As for temps...Yeah, it's not perfect and they do vary a little. After the active fermentation, I find it easy to get the temp down in the high-50s and then it rises over the 12 hours to the mid-60s. Of course all this depends on how diligent you are in changing out the bottles and how hot the ambient temps get in the room. But I figure that the liquid mass that is the wort/beer is changing inside the carboy much more slowly than the air around it. If I had to guess, I'd say that it probably stays in the low to mid-60s, but this is purely a guess.

Anything else you want to know, just ask.
 
Thanks. Yeah that's what I've read: 12 hour changes.

That's doable. For a person who works full time and isn't at home most of the day I think.

As for the inner temperature variances, I was recommended by somebody else just to gauge the difference between the outside and inside and just calculate that each time to estimate it...not perfect but I suppose it would work.

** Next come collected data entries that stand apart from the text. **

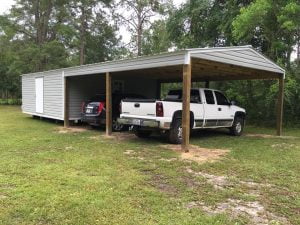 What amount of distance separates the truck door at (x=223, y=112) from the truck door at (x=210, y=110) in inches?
8.9

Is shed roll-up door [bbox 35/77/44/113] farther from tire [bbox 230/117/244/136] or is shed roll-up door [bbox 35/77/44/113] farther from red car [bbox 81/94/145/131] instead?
tire [bbox 230/117/244/136]

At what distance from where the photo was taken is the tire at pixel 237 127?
12.0 m

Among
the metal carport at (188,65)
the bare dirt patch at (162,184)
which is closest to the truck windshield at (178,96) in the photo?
the metal carport at (188,65)

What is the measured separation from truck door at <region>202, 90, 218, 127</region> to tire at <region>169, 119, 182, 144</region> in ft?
4.66

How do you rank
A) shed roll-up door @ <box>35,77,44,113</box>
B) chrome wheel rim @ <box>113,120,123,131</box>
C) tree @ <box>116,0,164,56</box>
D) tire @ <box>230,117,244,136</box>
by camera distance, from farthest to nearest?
tree @ <box>116,0,164,56</box> → shed roll-up door @ <box>35,77,44,113</box> → chrome wheel rim @ <box>113,120,123,131</box> → tire @ <box>230,117,244,136</box>

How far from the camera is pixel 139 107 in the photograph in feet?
31.3

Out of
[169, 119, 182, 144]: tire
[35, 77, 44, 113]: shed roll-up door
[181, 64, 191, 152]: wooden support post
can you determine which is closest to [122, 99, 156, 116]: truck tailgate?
[169, 119, 182, 144]: tire

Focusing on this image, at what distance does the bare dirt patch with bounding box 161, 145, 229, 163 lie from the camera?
7.47 metres

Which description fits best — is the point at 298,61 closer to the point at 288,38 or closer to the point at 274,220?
the point at 288,38

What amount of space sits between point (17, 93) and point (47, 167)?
112 ft

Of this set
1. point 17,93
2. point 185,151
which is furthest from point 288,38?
point 17,93

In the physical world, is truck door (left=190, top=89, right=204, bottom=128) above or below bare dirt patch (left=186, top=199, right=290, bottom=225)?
above

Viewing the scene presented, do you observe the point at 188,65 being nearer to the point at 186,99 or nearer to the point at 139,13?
the point at 186,99

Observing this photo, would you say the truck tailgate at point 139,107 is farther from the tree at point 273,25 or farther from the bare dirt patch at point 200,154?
the tree at point 273,25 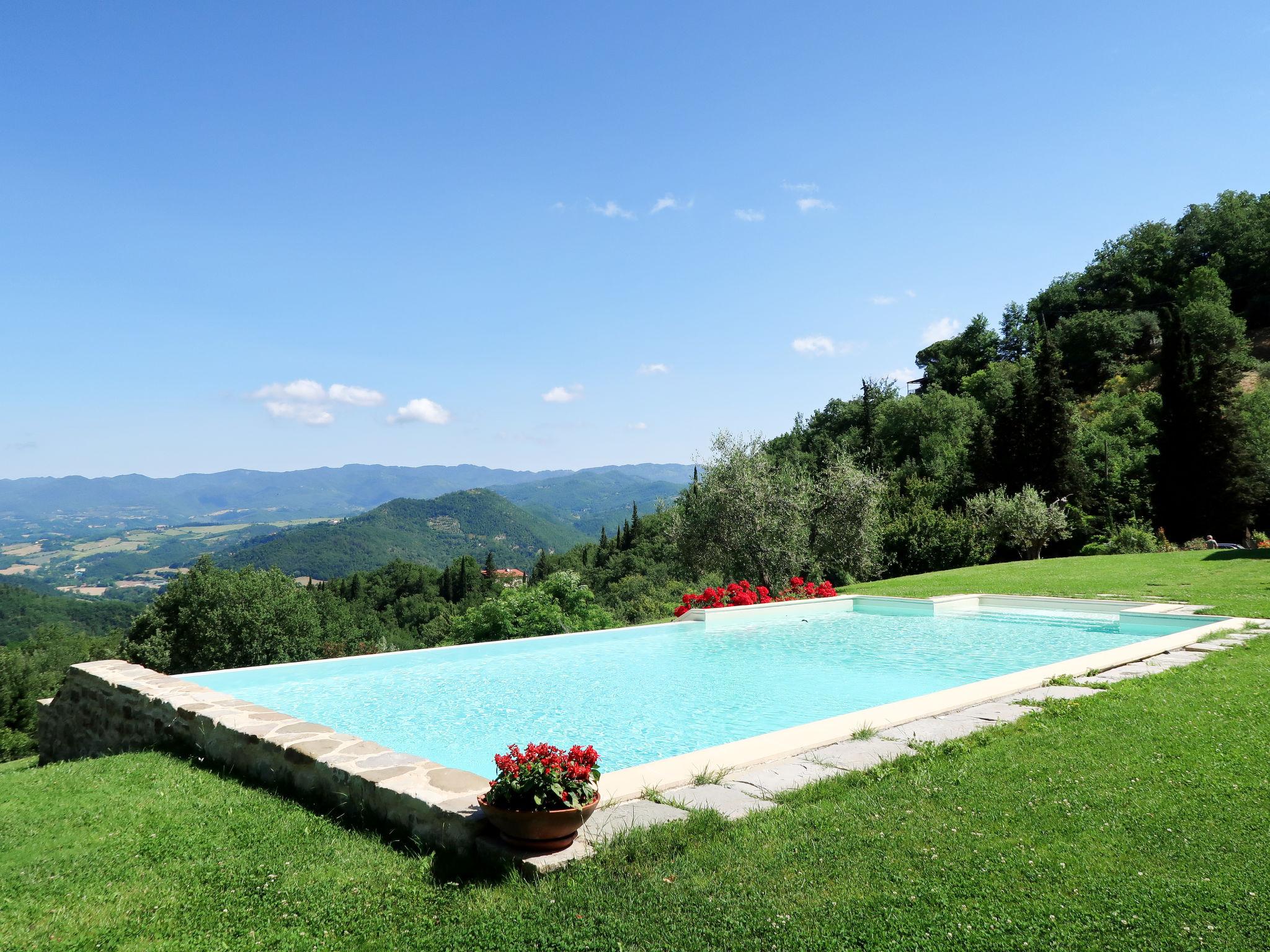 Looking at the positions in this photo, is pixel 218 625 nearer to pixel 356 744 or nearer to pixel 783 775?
pixel 356 744

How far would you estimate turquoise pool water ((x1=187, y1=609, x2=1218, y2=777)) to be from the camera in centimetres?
810

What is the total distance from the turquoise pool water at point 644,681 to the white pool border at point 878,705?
211mm

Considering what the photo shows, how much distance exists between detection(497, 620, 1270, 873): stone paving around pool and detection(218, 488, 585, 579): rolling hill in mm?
138426

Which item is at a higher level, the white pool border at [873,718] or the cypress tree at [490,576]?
the white pool border at [873,718]

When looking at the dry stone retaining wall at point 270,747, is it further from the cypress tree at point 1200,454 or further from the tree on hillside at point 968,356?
the tree on hillside at point 968,356

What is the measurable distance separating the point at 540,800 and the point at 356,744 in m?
2.26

I don't plan on brewing lagers so I am curious on doing a mild swamp cooler for my hef ales...since I hear people screaming at me to do it in the low 60's (which is ten degrees cooler than what WL recommends).

Fun times.

Thanks again.
 
I just recently brewed an ale in my basement where the temperature is reading 74F. I put the carboy in a plastic tote with a bottom big enough for it to fit, added a couple inches of water (and a few drops of bleach to prevent mildew), used a clothes pin to secure a towel around the carboy, soaked the towel, pointed a fan at the rig, and let her rip. I had to re-soak the towel once or twice a day, but it did the job. Kept the fermenting wort at 68F which, while not ideal, is a lot better than the mid 70s.
 
Recently purchased a Brewjacket, it's arrival last week spurred me on to do my first all-grain batch of a Czech pilsner recipe I've always wanted to try. I do not have much space left in my house (what cool space is available is taken up with wine), and what space is available is warm. Hence, I'm hoping the Brewjacket is a perfect fit, no pun intended. First, I wish to state that one of the owners, Aaron, is very responsive to emails with regards to problems or questions. Second, the set up of the equipment is very easy. Importantly, one should read the PDF online manual (not the crappy photocopy they send you), which implies that temperature calibration is important. Sanitize the probe, the metal bar, and the PET container (in my case, a 6-gallon carboy). I warmed some water to 20C/68F, as measured by the "primitive" lab thermometer, and the included probe-controller unit returned an identical reading, 20C/68F. But the manual does guide one on calibrating the controller head, if necessary. I ran my batch, got the wort down to 20C/68F, and readied the yeast starter (Wyeast 2278). I attached the unit, snuggled the carboy with 5 gallons of wort into the jacket (it wasn't that difficult: I'm pretty strong, but nestling the carboy WITH a carboy strap hauler with a straight, downward motion into the jacket cavity got it in on first try), tightened the drawstring, and set the controller for 13C/55F. Surprisingly, it took only about 6 hours to get it to that temperature. I just pitched the cooled yeast a half hour ago, and set the controller for 12.5C/54F. The controller, when it's running, is a bit loud, so keep it at some distance, close the door, or shove it in the basement. I'll run the unit at that temperature for 14 days, then increase it to 16.5C/62F for a 2-3 day diacetyl rest, then lager at 7C/45F for 30 days. As an initial impression, this item, though expensive, is perfect for my needs. I won't be making a lot of lagers, mostly ales, so this single unit is all I (think I will) need.